Lagasnerie, les inspirés et les effarés
Daniel Schneidermann - - Le matinaute - 197 commentaires
Quel est le point commun de l'éditorialiste de France Inter Thomas Legrand, du directeur adjoint de L'Obs
Pascal Riché, du chef du service politique de France 2 Olivier Siou, du comparse de Zemmour Eric Naulleau ? C'est d'avoir avalé une gorgée de café de travers, en écoutant hier matin le "Grand entretien" de France Inter, et son invité, le sociologue et philosophe Geoffroy de Lagasnerie (reçu chez nous ici). Puis d'avoir tweeté une seconde gorgée de travers, en lisant un peu plus tard que Anne Hidalgo, maire de Paris, et sauveuse potentielle de la gauche à la présidentielle, jugeait cet entretien "inspirant"
.
Quelle partie est "inspirante", @annehidalgo ? L'apologie de l'action directe ? Ou de la pureté ? Ou bien "Le but de la gauche, c'est de produire des fractures" ? Ou "je suis contre le paradigme du débat"? Ou alors "Il faut rétablir une forme de censure dans l'espace public ?" https://t.co/tjm6UIqdO7
— Pascal Riché (@pascalriche) September 30, 2020
On peut s'étonner de l'adhésion de Anne Hidalgo aux théories de Lagasnerie, elle qui a retiré toutes leurs responsabilités aux deux élues EELV Alice Coffin et Raphaëlle Rémy-Leleux, coupables d'avoir précisément mis en pratique toutes les préconisations de Lagasnerie, en investissant un lieu de pouvoir (le Conseil de Paris) pour en faire exclure un élu, Christophe Girard, soupçonné de complicité avec le pédocriminel présumé Gabriel Matzneff. Mais c'est une question de cohérence qu'il appartient à la sauveuse potentielle de résoudre.

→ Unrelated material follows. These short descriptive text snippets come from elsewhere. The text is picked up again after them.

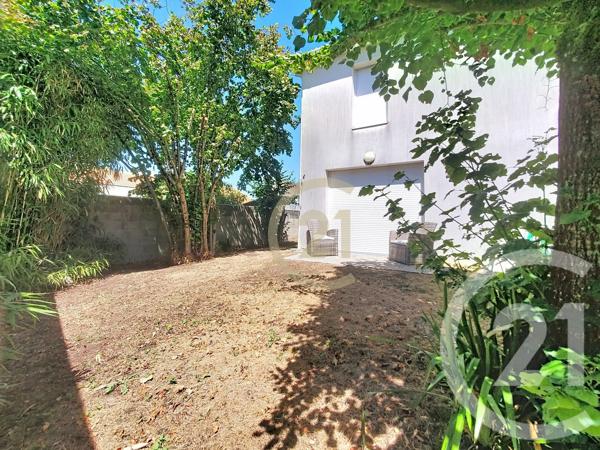Maison à vendre  5 pièces - 121,59 m 2   LES SORINIERES  - 44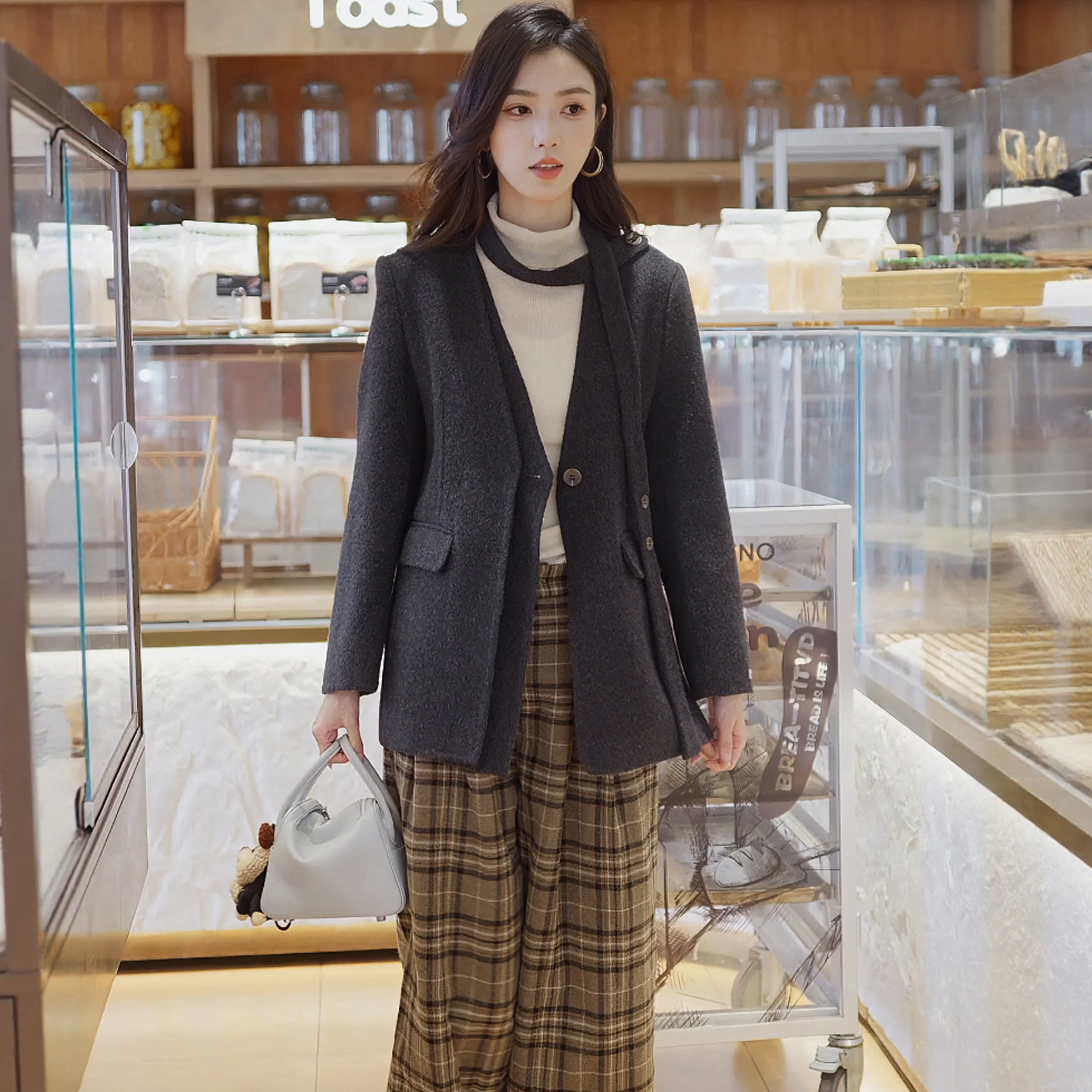 高级感V领双面羊绒大衣女中长款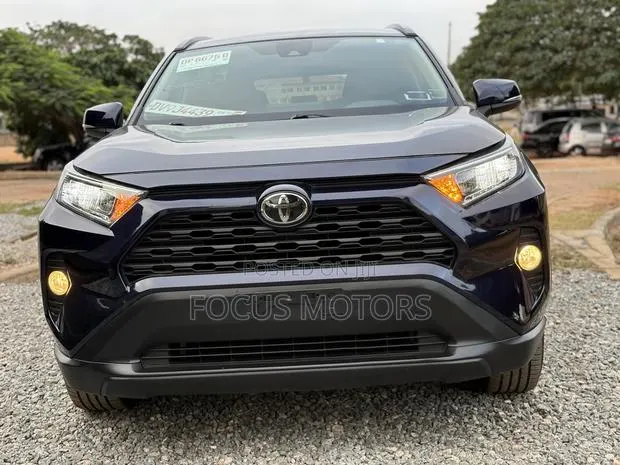 Toyota RAV4 XLE AWD 2020 Blue · Photo 1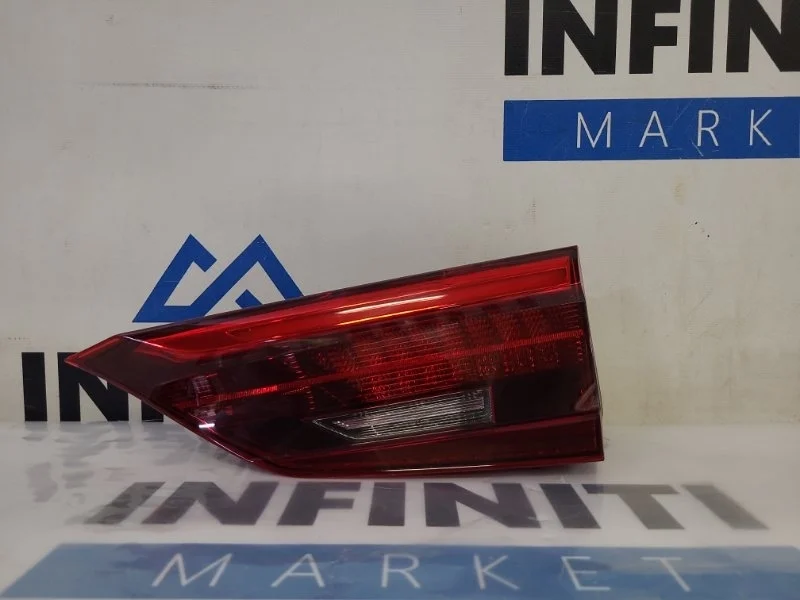 Фонарь в крышку багажника задний правый Infiniti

Que dit Lagasnerie, si l'on écoute (je vous le recommande) les 24 minutes de son entretien ? Rien d'autre, à mon sens, que décliner la distinction entre violence visible et BFMisable (les black blocs, par exemple) et la violence sociale (pénibilité du travail, par exemple), ou la violence d'Etat (policière, par exemple), toutes distinctions familières depuis Foucault et Bourdieu. Ces distinctions, Lagasnerie les formule en termes provocateurs, qu'il atténue d'ailleurs aussitôt dès qu'il est interrogé. Quand il parle "d'action directe"

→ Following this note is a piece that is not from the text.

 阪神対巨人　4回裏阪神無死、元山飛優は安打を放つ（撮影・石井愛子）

, il se réfère à Cédric Herrou et à la capitaine Carola Rackete, et pas aux assassinats de PDG. Quand il parle de "censurer"

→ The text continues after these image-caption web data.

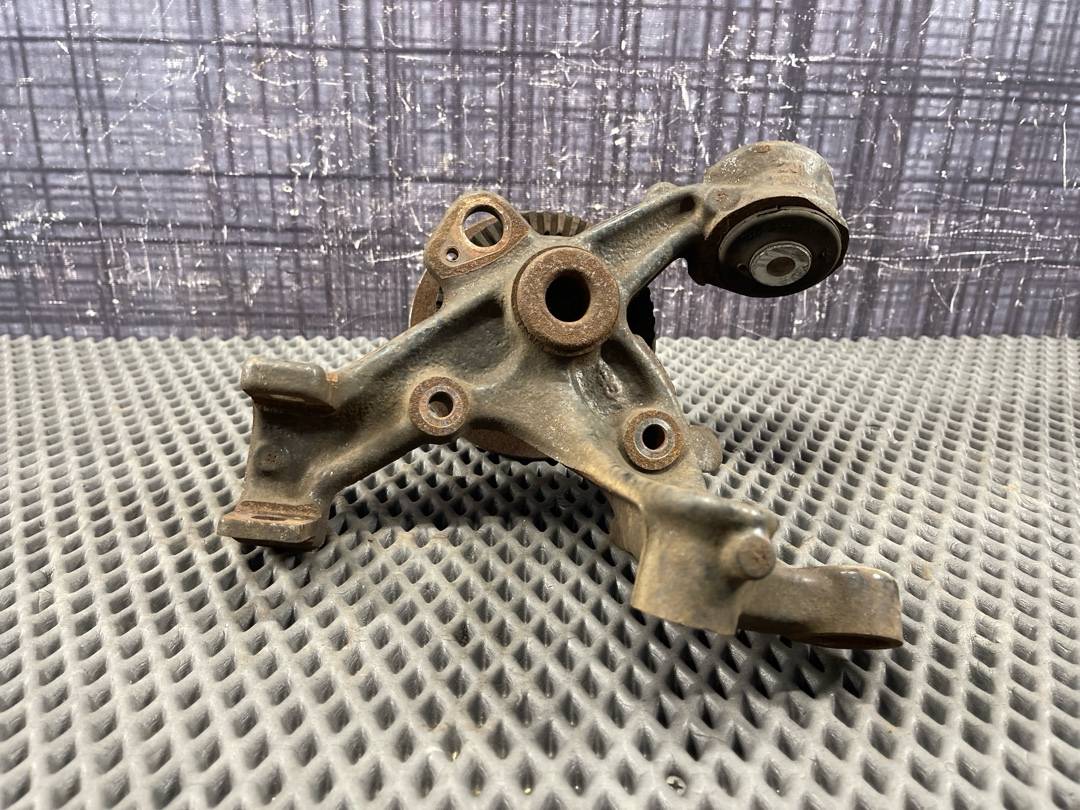 Поворотный кулак, 3820 рублей, Красноярск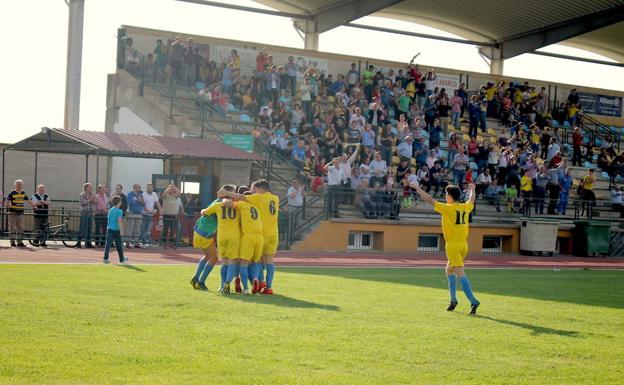 El Monesterio consigue tres goles de ventaja para la segunda vuelta de la primera eliminatoria de ascenso a Primera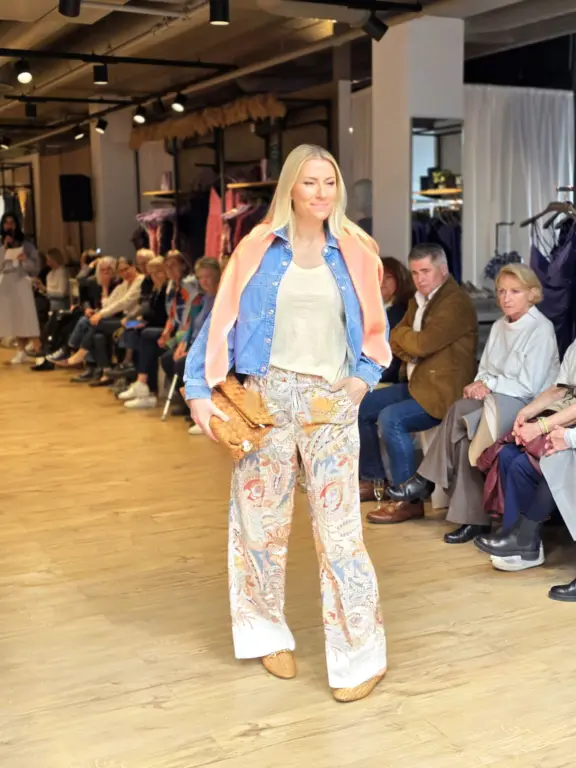 Große Modenschau Weilheim Frühjahr 2026 (11)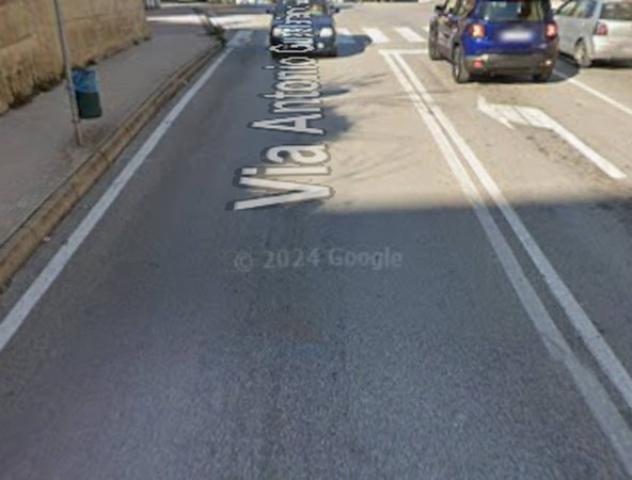 locale commerciale in vendita a Caltanissetta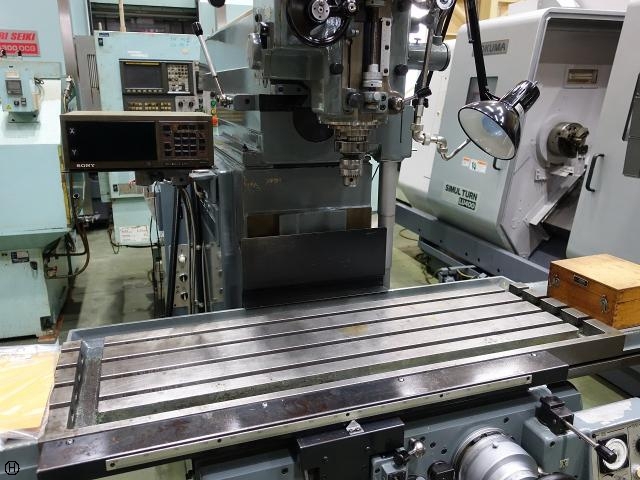 MAKINO BV?J-85 Vertical Milling Machine Image 4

les zemmourisés des chaines d'info, il préconise plutôt un salutaire mépris, selon lui, à exercer à leur encontre. Toutes thèses qui méritent débat (et on en débattra dans notre émission de cette semaine), mais restent parfaitement compatibles avec l'ingestion harmonieuse du café du matin. Mais ce discours est tellement habituellement absent des espaces consensuels comme le "Grand entretien" de France Inter, qu'il est de nature à effarer Legrand, Naulleau et aux autres. Ce qui n'est pas son moindre intérêt.